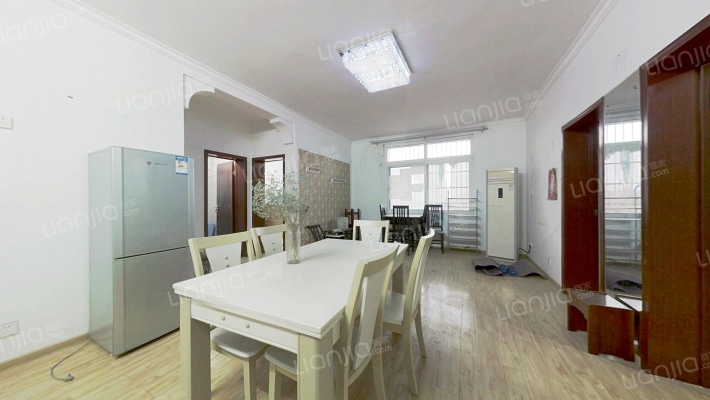 宏盈花园二手房实景图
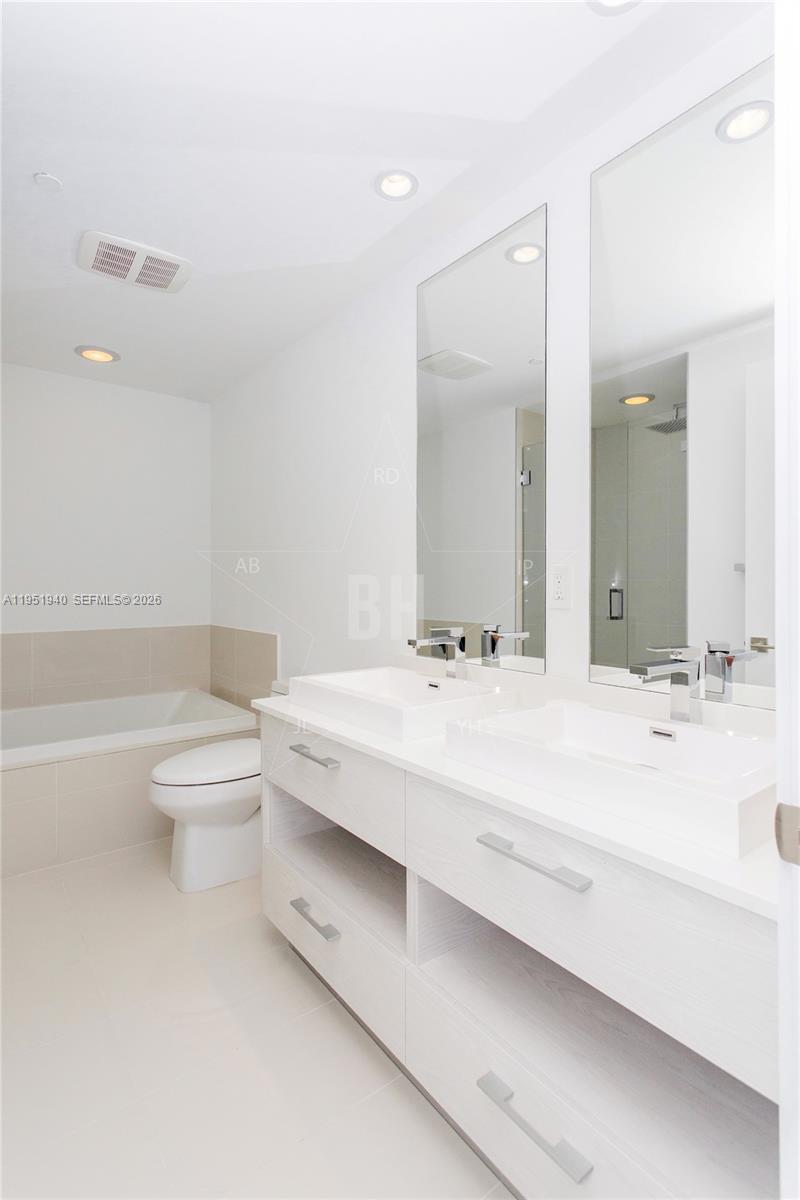 45 SW 9 ST # 1603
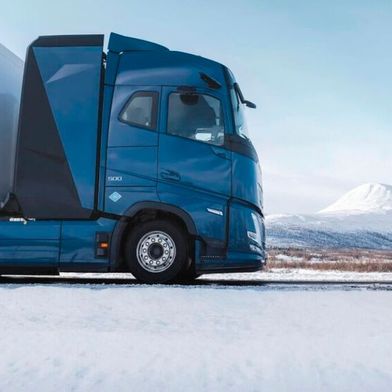 Volvo Trucks absolviert mit seinen neuen Wasserstoffbetriebenen Lkw Straßentests. (Bild: Volvo Trucks)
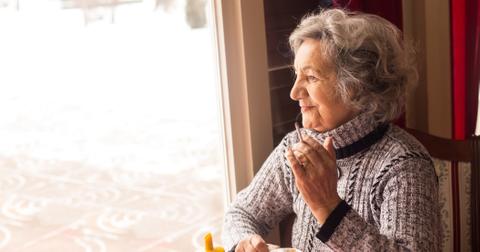 2-grandma-smoking-1572896552495.jpg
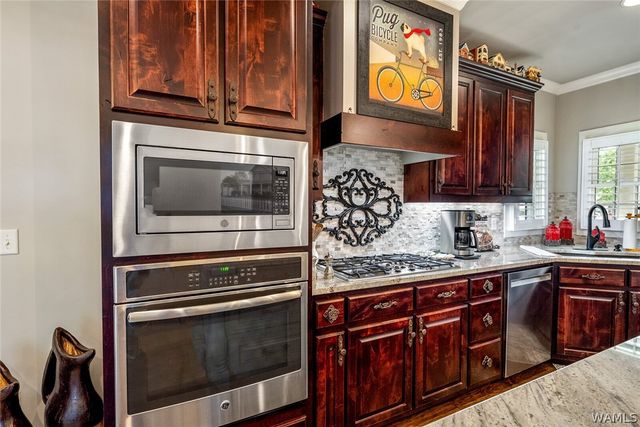 880 Savannah, Tuscaloosa, AL 35406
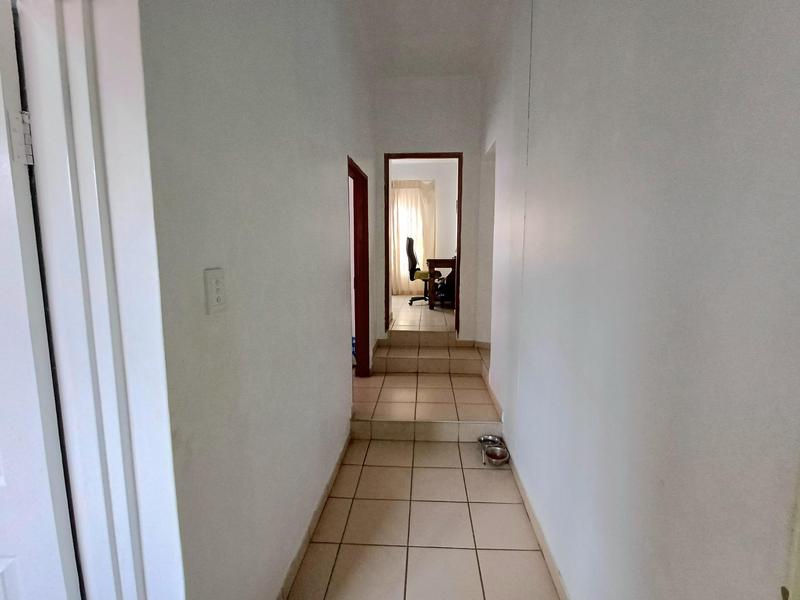 6 Bedroom Property for Sale in Laudium Gauteng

*-*-*

An exact transcript is required, covering the lines from the one containing "45 SW 9 ST # 1603" through the end of the listing above, inclusive, without pictures.

▶ **RESPONSE AREA**
 45 SW 9 ST # 1603
 Volvo Trucks absolviert mit seinen neuen Wasserstoffbetriebenen Lkw Straßentests. (Bild: Volvo Trucks)
 2-grandma-smoking-1572896552495.jpg
 880 Savannah, Tuscaloosa, AL 35406
 6 Bedroom Property for Sale in Laudium Gauteng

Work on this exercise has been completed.